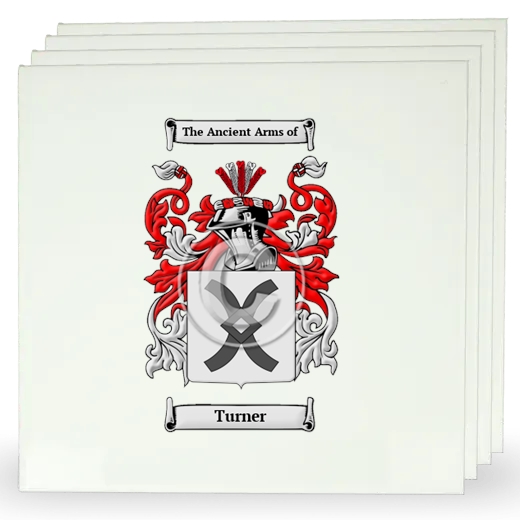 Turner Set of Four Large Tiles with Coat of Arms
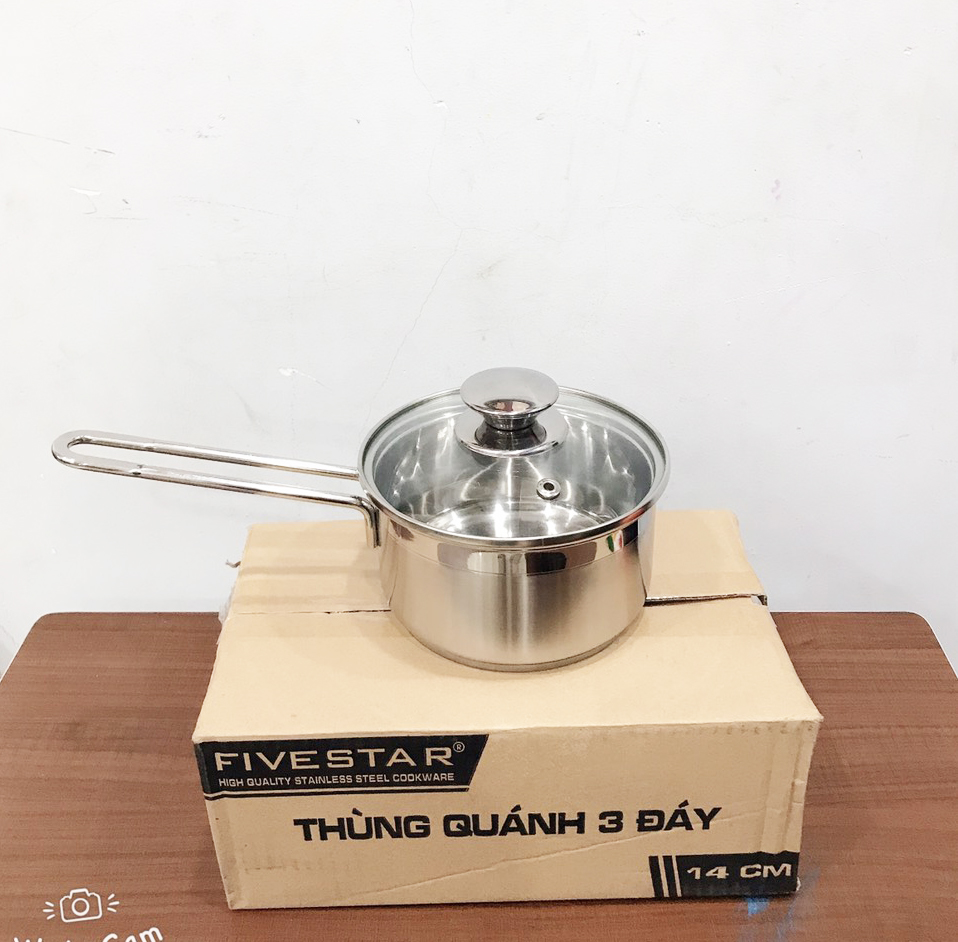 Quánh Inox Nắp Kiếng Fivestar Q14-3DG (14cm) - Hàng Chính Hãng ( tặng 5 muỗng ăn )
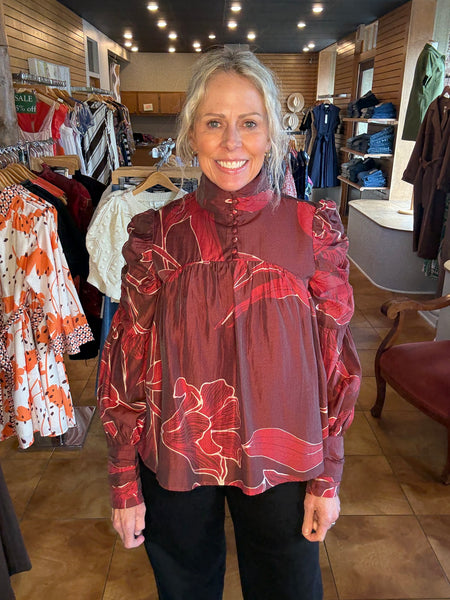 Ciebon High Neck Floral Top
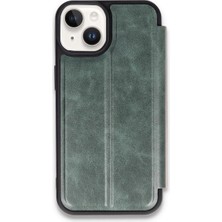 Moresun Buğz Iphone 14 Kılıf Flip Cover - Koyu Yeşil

-=-=-

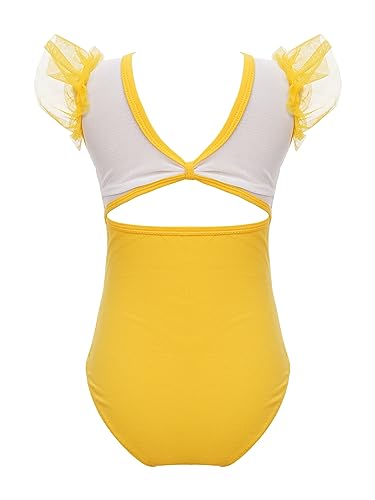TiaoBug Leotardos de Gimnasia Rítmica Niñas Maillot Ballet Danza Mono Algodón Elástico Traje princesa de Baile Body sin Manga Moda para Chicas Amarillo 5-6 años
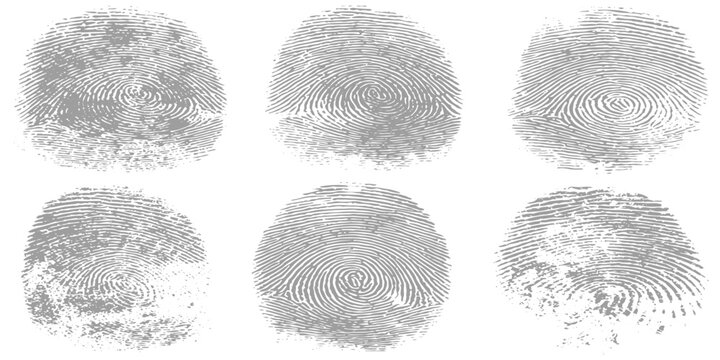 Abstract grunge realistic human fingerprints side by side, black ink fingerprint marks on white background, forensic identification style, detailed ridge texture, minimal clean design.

-=-=-

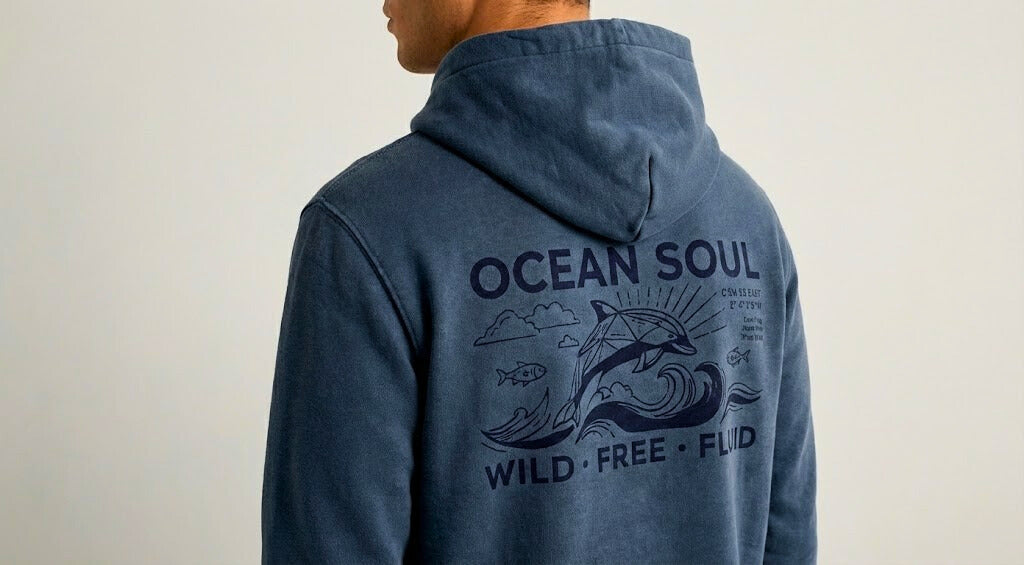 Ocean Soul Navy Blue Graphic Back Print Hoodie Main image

-=-=-

WORK TASK. Using the records above, repeat exactly the run of lines that starts with the line with "Turner Set of" and goes on through the line with "Moresun Buğz Iphone"; omit each picture.

SOLUTION TO THE PROBLEM.
 Turner Set of Four Large Tiles with Coat of Arms
 Quánh Inox Nắp Kiếng Fivestar Q14-3DG (14cm) - Hàng Chính Hãng ( tặng 5 muỗng ăn )
 Ciebon High Neck Floral Top
 Moresun Buğz Iphone 14 Kılıf Flip Cover - Koyu Yeşil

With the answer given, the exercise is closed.